• _Brief_: All lines from the one containing "Vince Tops - Vince loose, v neck button top" through the last line of the listing should be given again exactly, with no pictures.

• _Data under study_:
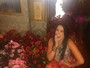 Débora Lyra faz aniversário e ganha 26 buquês de flores de admirador 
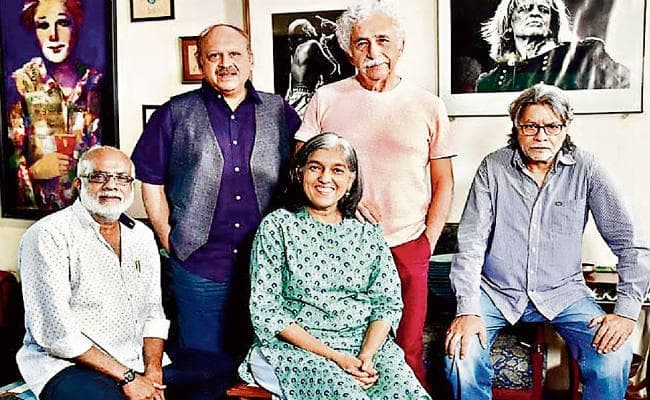 रंगमंच को समर्पित मोटले का चार दशक का सफर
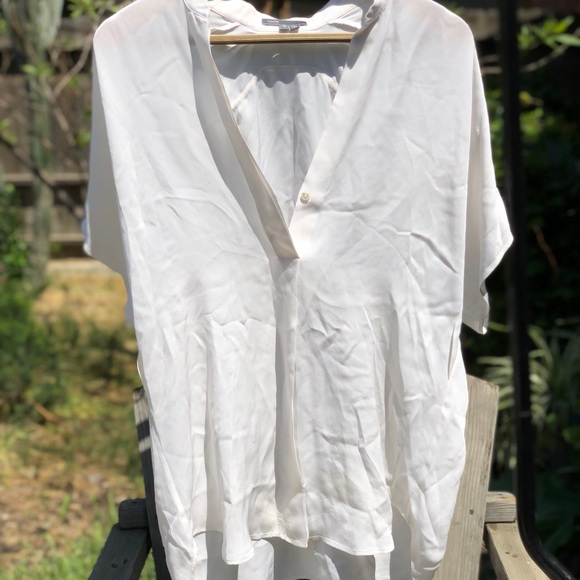 Vince Tops - Vince loose, v neck button top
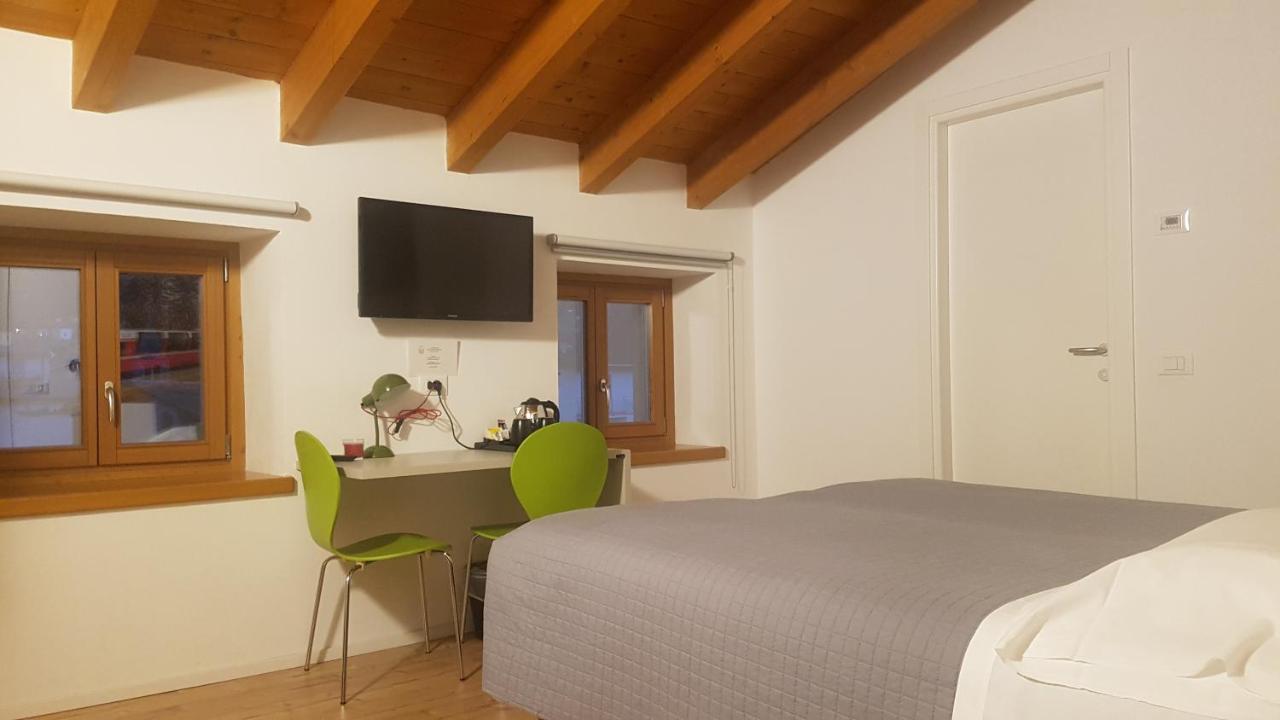 Le Stanze Del Trenino Rosso Bed & Breakfast Тирано Екстериор снимка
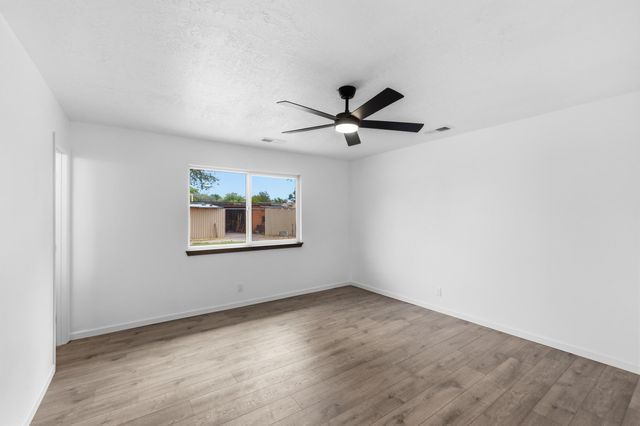 1670 Murray Loop, Bosque Farms, NM 87068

• _Exercise output_:
 Vince Tops - Vince loose, v neck button top
 Le Stanze Del Trenino Rosso Bed & Breakfast Тирано Екстериор снимка
 1670 Murray Loop, Bosque Farms, NM 87068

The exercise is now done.